Thursday, April 2, 2009

The Ellensburg sky for the week of 4/4/09

Saturday: Some people in town today for the Yakima River Canyon Marathon may be looking for a little running inspiration. While nothing can take the place of a 20 mile long run for marathon preparation (I know), certain objects in the night sky are inspiring. In the Bible, Job specifically mentions the star Arcturus, or the bear keeper, to his friend as a sign of God's majesty. He describes God as that "Which maketh Arcturus, Orion, and Pleiades, and the chambers (constellations) of the south" (Job 9:9, King James Version). Whatever your religious beliefs, it is clear that Job was impressed with this very bright star. See the star that inspired Job nearly three fists held upright and at arm’s length above due east at 10 p.m.

Sunday: Vega, the brightest star in the constellation Lyra is one fist above the northeast horizon at 10:30 p.m.

Monday: Saturn is about a half a fist above the moon at 10 p.m.

Tuesday: Avast ye matey. Swab the poop deck. Pirates love astronomy. In fact, the term “poop” in poop deck comes from the French word for stern (poupe) which comes for the Latin word Puppis. Puppis is a constellation that represents the raised stern deck of Argo Navis, the ship used by Jason and the Argonauts in Greek mythology. Argo Nevis was an ancient constellation that is now divided between the constellations Puppis, Vela and Carina. The top of Puppis is about a fist and a half to the left of the bright star Sirius in the south-southwest sky at 9 p.m. Rho Puppis, one of the brightest stars in the constellation, is about one and a half fists above the south horizon at this time.

Wednesday: Jupiter is one fist above the southeast horizon at 5:30 a.m.
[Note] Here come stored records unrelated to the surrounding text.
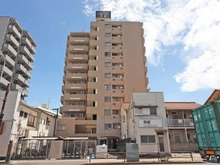 【神奈川県/横浜市鶴見区生麦】ネオマイム生麦 外観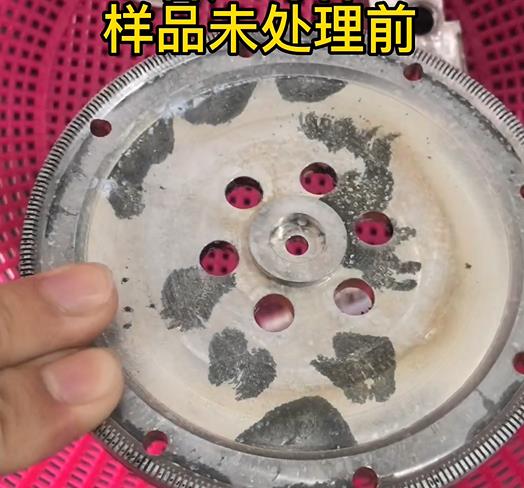 圆轮状南溪铝件实拍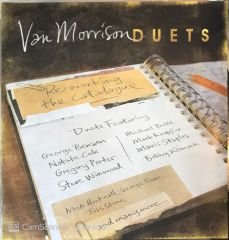 Van Morrison - Duets Double LP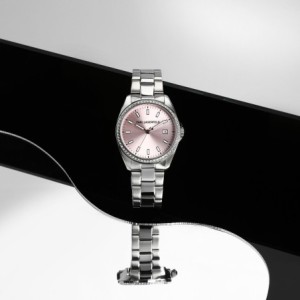 Zegarek Damski Karl Lagerfeld ROUND ESSENTIALS R0553101512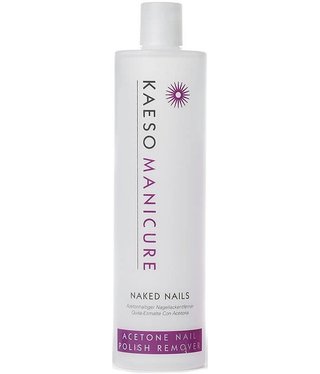 Kaeso Naked Nails Acetone Polish Remover 495ml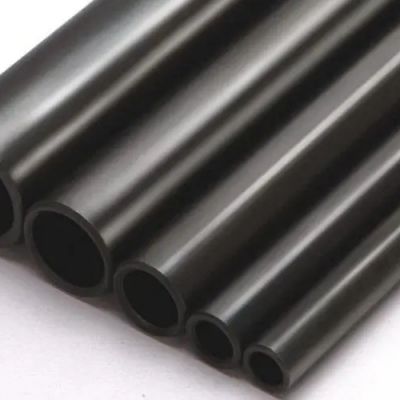 Seamless Phosphated Steel Pipe Black Phosphated Seamless Steel Pipe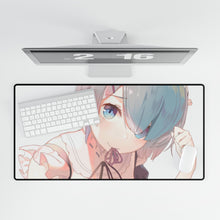 Load image into Gallery viewer, Rem Mouse Pad (Desk Mat)
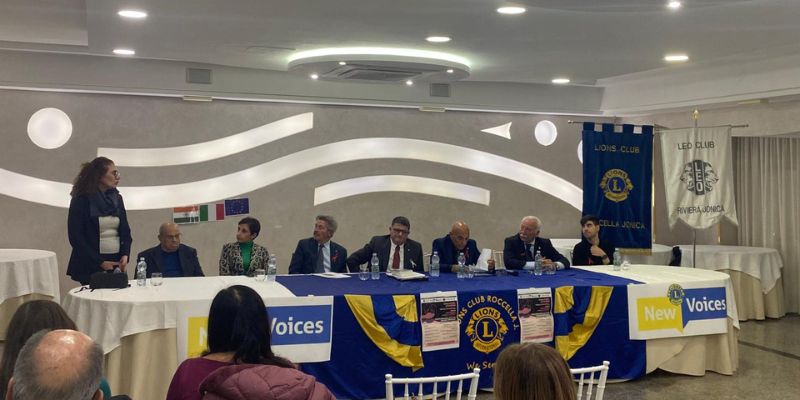 Lions Club : la violenza sulle donne in tutte le sue sfaccettature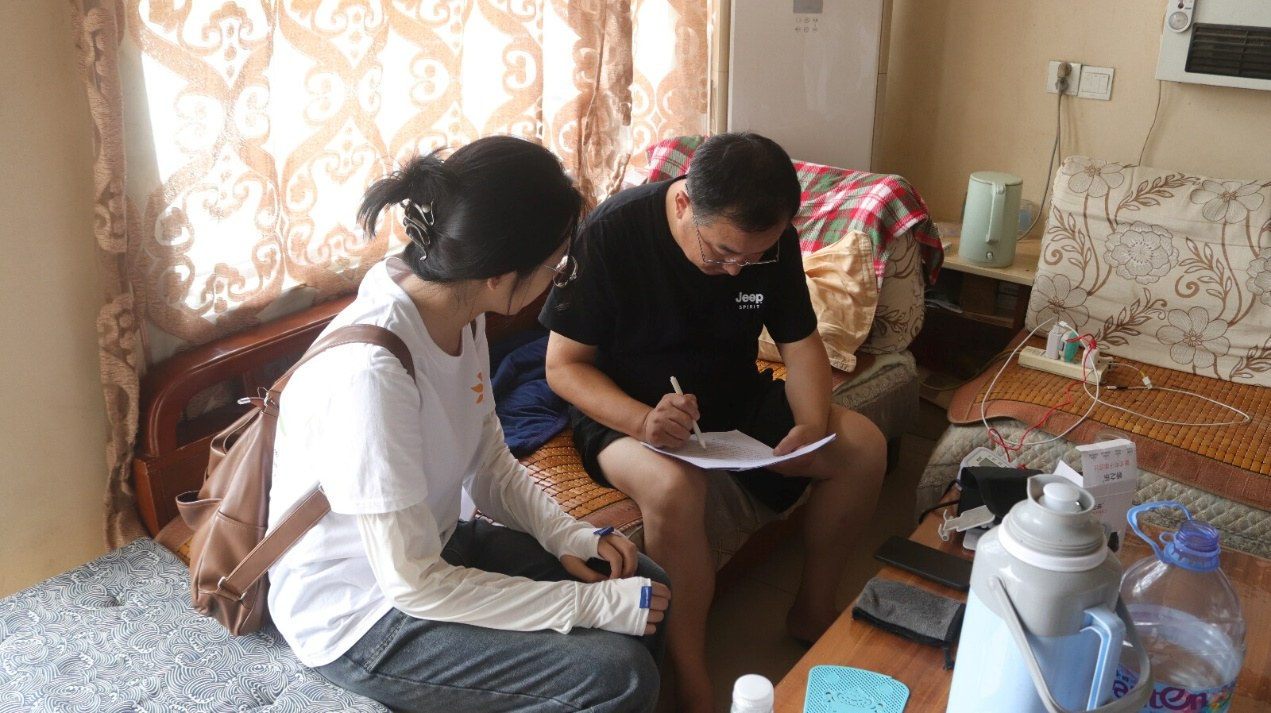 欲修遠兮，上下求索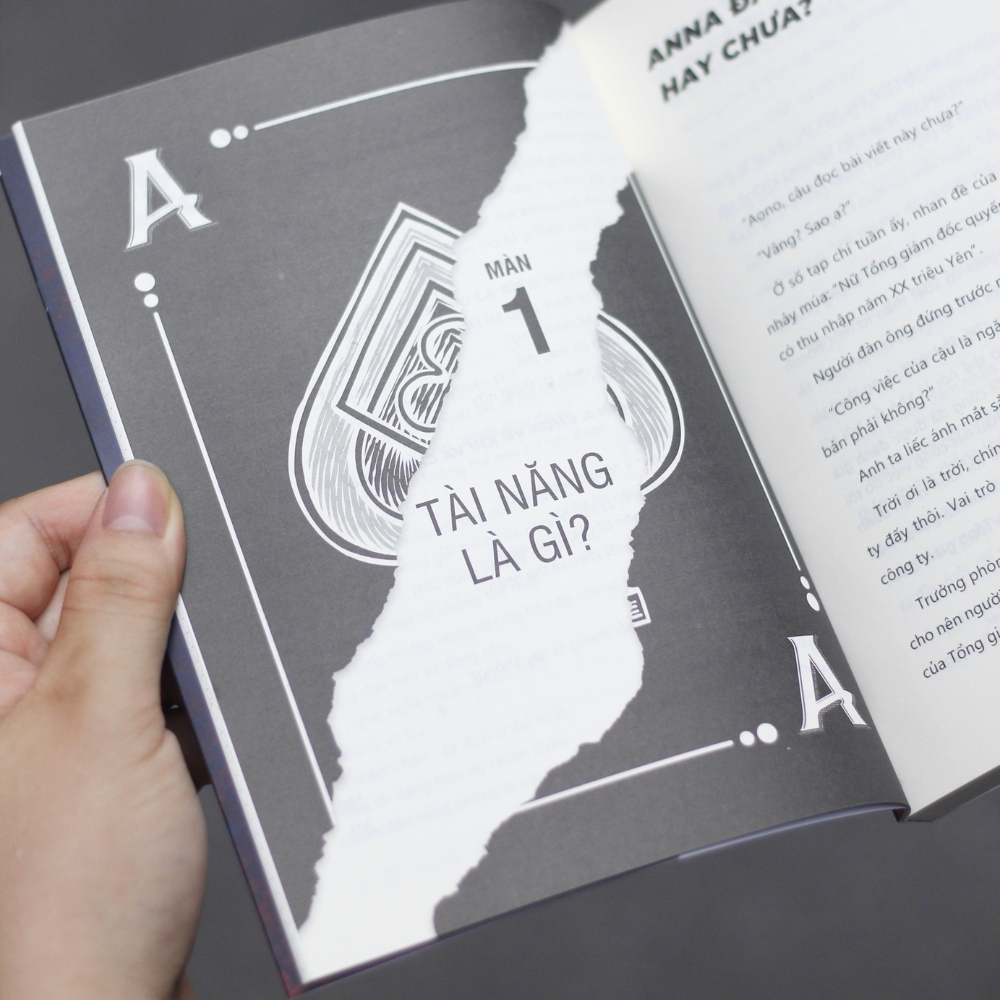 An Tu Cua Thien Tai - De Tai Nang Thuc Su Toa Sang Thay Vi Tro Thanh “Cai Gai” Cua Tap The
Set your alarm.

Thursday: Do you like pop music? You don’t? So, so what. In the first draft of a song on her latest album “Funhouse”, the singer P!nk wrote “Waiter just took my full moon, and gave it to Jessica Simps”. Coincidence? I think not. Some Native American tribes called the April full moon the full pink moon because its arrival coincided with the blooming of wild ground phlox, a pink wild flower. Spica, the brightest star in the constellation Virgo, must like P!nk because it is about a half a fist above the moon at 10 p.m.

Friday: Orion, the great constellation of winter, is sinking into the western horizon. The belt of Orion is two fists above the southwest horizon at 9 p.m. By the end of the month, Orion will be nearly lost in the evening twilight.

The positional information in this column about stars and planets is typically accurate for the entire week.